Why not? That is where the money is at.


----------



## EthanB (Sep 28, 2011)

Ninjaframer said:


> Oh- then I made about $0


I really laughed out loud at that one.You can still benchmark your profit if you look back over a few years and average out a salary for yourself. Anything over that would be profit, anything under would be loss. 

It's a good habit to be in because then you can identify negative trends. I use it because, in starting a new business in a bad economy, I expected to make less than I would if I had the same job for another company but I wanted to be able to tell when I actually DID become profitable rather than just being content with whatever I could get.

Being content is great but not when it's because of intentional ignorance.


----------



## Jaws (Dec 20, 2010)

cabinetsnj said:


> Why not? That is where the money is at.


Im not interested in not being on site every day, for atleast a little while.
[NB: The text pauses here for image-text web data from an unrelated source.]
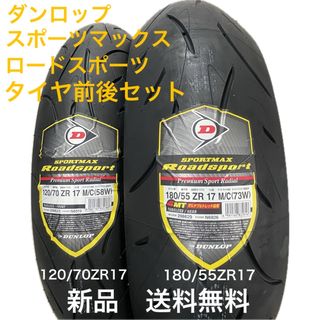 ダンロップ(DUNLOP)の120/70ZR17  180/55ZR17  ロードスポーツ　ダンロップ(パーツ)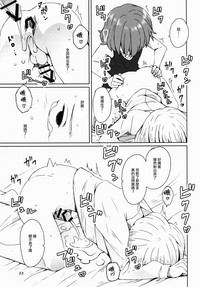 第25頁圖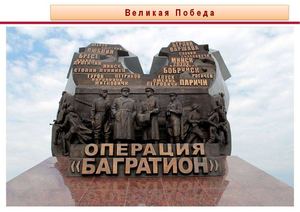 Операция Багратион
You can still make a very good living and run just a few jobs.


----------



## Littlefield (Dec 29, 2008)

So true, on the paying self different amounts. 



Jaws said:


> In fact, Id bet money most of my subs make more actual money than I do, salary or otherwise.
> 
> Besides, many people say they make a profit and only pay themselves 600$ a week, and some say they struggle to paying themselves 2,000$ a week.


----------



## Littlefield (Dec 29, 2008)

Thats true, being great somewhere can lead to success despite being average or less than elsewhere. 
I know its not the "linchpin" of success to know your numbers, but I think everyone reaches a point where they are more interested in that, and seeing if its worth the "headache". 
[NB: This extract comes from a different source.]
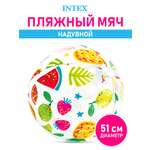 Мяч пляжный Intex Яркий 51 см Фрукты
However, you could be the greatest craftsman ever, and go broke if you can bid your work right. I see quite a few guys that do good work, but struggle in the big picture, and those are the guys I like to help out, the ones that are rolling in cash don't need advice, right? 



Warren said:


> I know a couple of those guys to which you speak. One was a GC who also built custom cabinets. He did really nice work, but I know his profits were dismal. I encouraged him to pursue the cabinet aspect more, because for him it was a better fit and more profitable. He left the trades two years ago and went back to school. Another guy, while still in business, is equally bad. He has built several homes, many additions, and also does some nice remodels. His scheduling is his downfall, but he is oblivious to it.
> 
> I am sure that neither of these guys tracked their costs very well. But in the end, other factors were also working against them. I know a few other guys who don't track very well, but are very profitable due to their strengths in other aspects. I probably fall somewhere in between. I track pretty well, can manage jobs well, but I just happen to specialize in a trade that is tough to be profitable in.


----------



## Littlefield (Dec 29, 2008)

Don't know what they are charging or if they are making a profit, yes. Again, this is my experience, yours will vary. 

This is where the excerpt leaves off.